Very Short Introductions

Richard Bradford, John Sutherland

Very Short Introductions is a large series of small books published by the Oxford University Press. True to form, each individual item is a beginner's guide to some academically-inclined topic, as written by an expert in the field.

My opinion on this series has changed with time. At first, whenever I encountered these dumb runts in any library, I found their very presence insufferable. For a given topic you may already have an interest in, these all-too-brief books have a shallow depth, and can seem like distractions in better company. They felt more like book-shaped advertisements for the OUP, littered about the shelves like spam pamphlets, rather than comprehensive texts in their own right.

... but the nature of the internet sometimes means that, even if the sum of all human culture is out there, that doesn't mean it is organized and accessible.
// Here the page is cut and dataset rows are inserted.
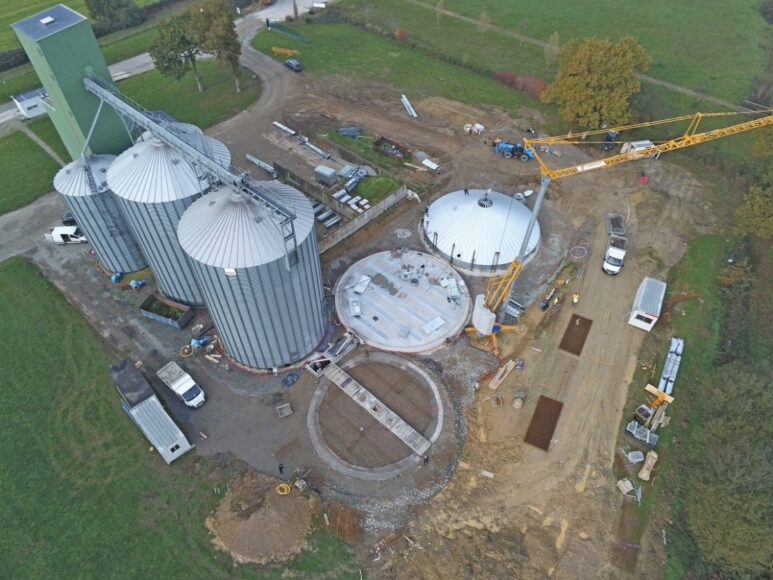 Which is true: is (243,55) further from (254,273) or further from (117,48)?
(254,273)

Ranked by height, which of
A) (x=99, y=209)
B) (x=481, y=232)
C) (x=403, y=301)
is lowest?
(x=403, y=301)

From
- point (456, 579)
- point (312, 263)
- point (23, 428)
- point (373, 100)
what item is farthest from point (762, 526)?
point (373, 100)

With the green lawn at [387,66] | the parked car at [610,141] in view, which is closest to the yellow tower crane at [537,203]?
the parked car at [610,141]

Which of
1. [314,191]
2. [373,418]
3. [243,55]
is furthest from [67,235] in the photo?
[243,55]

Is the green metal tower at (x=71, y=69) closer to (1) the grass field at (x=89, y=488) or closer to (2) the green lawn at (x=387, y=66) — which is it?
(1) the grass field at (x=89, y=488)

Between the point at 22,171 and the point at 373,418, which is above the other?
the point at 22,171

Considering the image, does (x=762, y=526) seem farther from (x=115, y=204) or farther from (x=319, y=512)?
(x=115, y=204)

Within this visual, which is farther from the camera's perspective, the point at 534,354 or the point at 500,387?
the point at 534,354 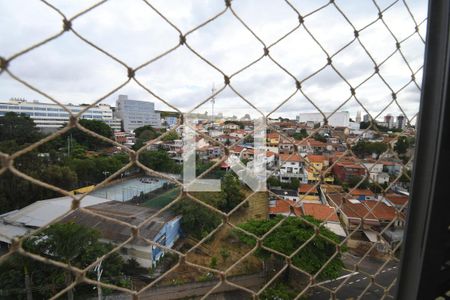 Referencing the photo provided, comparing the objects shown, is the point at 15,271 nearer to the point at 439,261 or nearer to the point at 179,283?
the point at 179,283

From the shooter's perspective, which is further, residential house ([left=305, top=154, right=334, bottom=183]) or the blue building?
the blue building

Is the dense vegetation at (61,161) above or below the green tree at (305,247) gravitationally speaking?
above

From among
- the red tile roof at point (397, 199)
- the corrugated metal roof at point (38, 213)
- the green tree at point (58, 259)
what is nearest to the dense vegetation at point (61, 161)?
the corrugated metal roof at point (38, 213)

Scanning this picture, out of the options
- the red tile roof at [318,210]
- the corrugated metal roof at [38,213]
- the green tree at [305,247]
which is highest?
the corrugated metal roof at [38,213]

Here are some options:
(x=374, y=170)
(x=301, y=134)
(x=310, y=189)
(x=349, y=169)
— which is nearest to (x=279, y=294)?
(x=349, y=169)

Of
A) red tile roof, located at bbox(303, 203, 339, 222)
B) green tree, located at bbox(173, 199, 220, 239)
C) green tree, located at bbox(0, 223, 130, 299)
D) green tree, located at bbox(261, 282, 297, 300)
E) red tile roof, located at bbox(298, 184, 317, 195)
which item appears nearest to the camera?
red tile roof, located at bbox(298, 184, 317, 195)

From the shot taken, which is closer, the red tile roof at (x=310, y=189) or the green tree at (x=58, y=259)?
the red tile roof at (x=310, y=189)

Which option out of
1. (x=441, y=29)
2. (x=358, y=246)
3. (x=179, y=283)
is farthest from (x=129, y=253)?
(x=441, y=29)

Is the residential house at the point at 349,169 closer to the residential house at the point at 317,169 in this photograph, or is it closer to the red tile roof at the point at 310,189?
the residential house at the point at 317,169

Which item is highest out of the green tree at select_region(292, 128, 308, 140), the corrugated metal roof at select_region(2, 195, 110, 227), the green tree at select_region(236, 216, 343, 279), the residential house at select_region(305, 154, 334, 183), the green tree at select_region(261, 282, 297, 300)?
the green tree at select_region(292, 128, 308, 140)

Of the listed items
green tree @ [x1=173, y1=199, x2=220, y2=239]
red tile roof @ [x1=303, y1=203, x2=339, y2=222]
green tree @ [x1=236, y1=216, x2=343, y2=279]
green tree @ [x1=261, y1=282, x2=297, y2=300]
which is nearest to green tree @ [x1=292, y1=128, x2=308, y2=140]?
green tree @ [x1=236, y1=216, x2=343, y2=279]

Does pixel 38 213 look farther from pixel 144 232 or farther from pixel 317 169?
pixel 317 169

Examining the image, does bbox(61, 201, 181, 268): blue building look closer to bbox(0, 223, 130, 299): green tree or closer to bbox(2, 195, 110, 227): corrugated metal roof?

There are indeed times when you just want a beginner's look into a topic you have no other footing for, rather than diving right into the already-established texts of the field as if you've showed up late to a dinner party. These tiny little books, all in their signature duodecimo size, can seem quite tempting when the only other alternative might be a thick-and-expensive university textbook.

Individually, any one of these books are not worth the price of purchase. Yet as a series, the value of the whole is greater than the sum of its parts. It's uncanny that way, but I doubt anyone would ever dare to gain the full collection, especially since there are 700-plus of them!
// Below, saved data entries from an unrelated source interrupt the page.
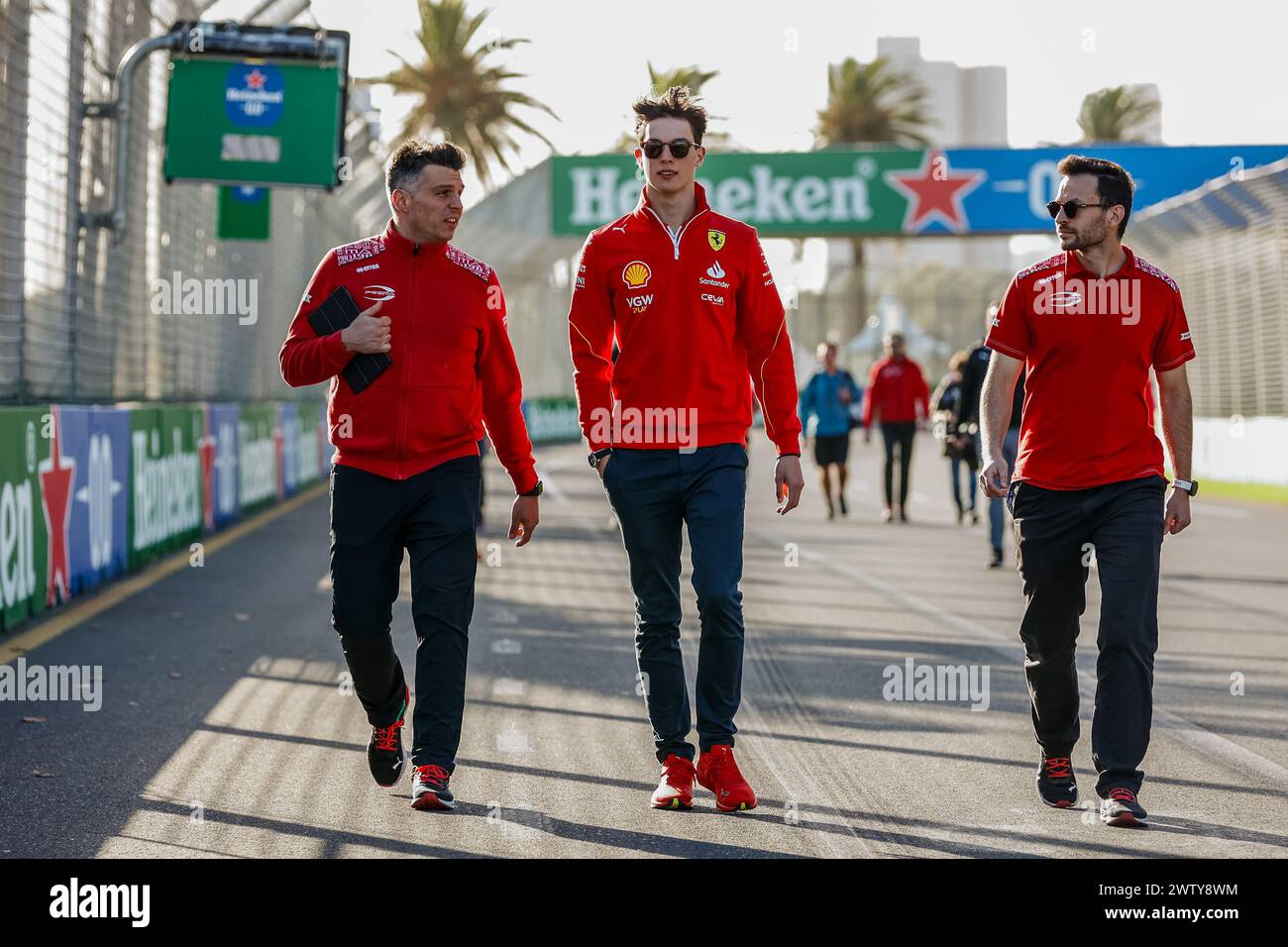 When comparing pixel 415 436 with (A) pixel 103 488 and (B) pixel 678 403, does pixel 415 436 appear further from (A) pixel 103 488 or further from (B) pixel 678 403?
(A) pixel 103 488

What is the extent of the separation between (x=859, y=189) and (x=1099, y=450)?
2915 cm

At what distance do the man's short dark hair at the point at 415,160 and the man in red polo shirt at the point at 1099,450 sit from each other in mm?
1657

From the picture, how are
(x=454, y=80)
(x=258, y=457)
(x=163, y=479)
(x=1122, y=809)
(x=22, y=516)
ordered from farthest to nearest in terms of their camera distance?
(x=454, y=80)
(x=258, y=457)
(x=163, y=479)
(x=22, y=516)
(x=1122, y=809)

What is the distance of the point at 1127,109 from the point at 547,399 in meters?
17.9

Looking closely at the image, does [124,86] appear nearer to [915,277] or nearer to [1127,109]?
[1127,109]

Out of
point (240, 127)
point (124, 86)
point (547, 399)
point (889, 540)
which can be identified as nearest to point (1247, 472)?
point (889, 540)

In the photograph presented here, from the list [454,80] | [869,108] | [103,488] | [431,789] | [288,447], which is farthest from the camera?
[869,108]

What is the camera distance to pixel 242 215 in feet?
72.4

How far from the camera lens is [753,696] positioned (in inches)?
309

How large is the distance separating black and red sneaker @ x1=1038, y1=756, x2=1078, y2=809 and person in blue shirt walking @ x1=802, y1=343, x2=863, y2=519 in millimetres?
13426

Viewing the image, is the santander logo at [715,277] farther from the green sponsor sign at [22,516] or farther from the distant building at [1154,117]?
the distant building at [1154,117]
However, if I could make any criticism of the format, these are like a scientific-equivalent of cheap finger food: easy on the eyes and stomach, but they pass right through you, and soon right out of you entirely. Despite having sampled a good number of these, I find it difficult remembering any specifics from them. If the goal of these books is to promote better learning about their subjects, then on that note alone they are massive failures.

As far as the individual books in this series I have opinions on...
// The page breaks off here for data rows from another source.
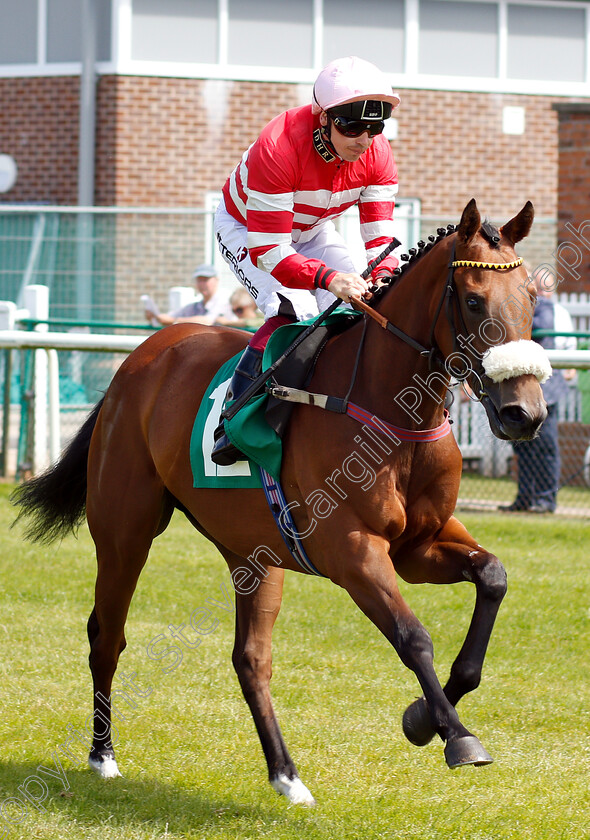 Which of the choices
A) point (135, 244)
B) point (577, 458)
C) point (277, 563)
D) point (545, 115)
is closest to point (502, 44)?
point (545, 115)

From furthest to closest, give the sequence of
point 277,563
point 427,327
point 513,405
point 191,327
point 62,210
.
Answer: point 62,210 → point 191,327 → point 277,563 → point 427,327 → point 513,405

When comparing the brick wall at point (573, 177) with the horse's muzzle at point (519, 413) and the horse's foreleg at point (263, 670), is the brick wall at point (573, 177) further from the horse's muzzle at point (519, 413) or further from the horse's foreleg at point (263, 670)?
the horse's muzzle at point (519, 413)

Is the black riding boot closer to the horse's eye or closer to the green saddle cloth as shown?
the green saddle cloth

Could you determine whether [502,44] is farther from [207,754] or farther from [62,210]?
[207,754]

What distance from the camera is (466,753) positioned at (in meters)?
3.33

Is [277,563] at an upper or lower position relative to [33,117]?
lower

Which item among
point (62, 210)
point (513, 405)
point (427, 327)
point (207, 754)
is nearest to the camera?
point (513, 405)

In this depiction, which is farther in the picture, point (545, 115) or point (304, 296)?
point (545, 115)

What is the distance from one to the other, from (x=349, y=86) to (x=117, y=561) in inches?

Crime Fiction by Richard Bradford

My first “VSI.” This was... not the thing I wanted, but at least it was context towards the thing I wanted. Though it would turn out, I didn't want even that, anyway.

Bestsellers by John Sutherland

I ventured to read this one after hearing the author speak on CBC Radio about the subject. As far the book itself goes, I found the chapters detailing the differences between the American and British publishing industries to be the most interesting. In almost Innisean fashion, slight differences in the setups of those continental industries greatly influenced what could and could not become a “bestselling” book in each sphere of media, creating differences in public reaction even when the same text was published in both realms at the same time.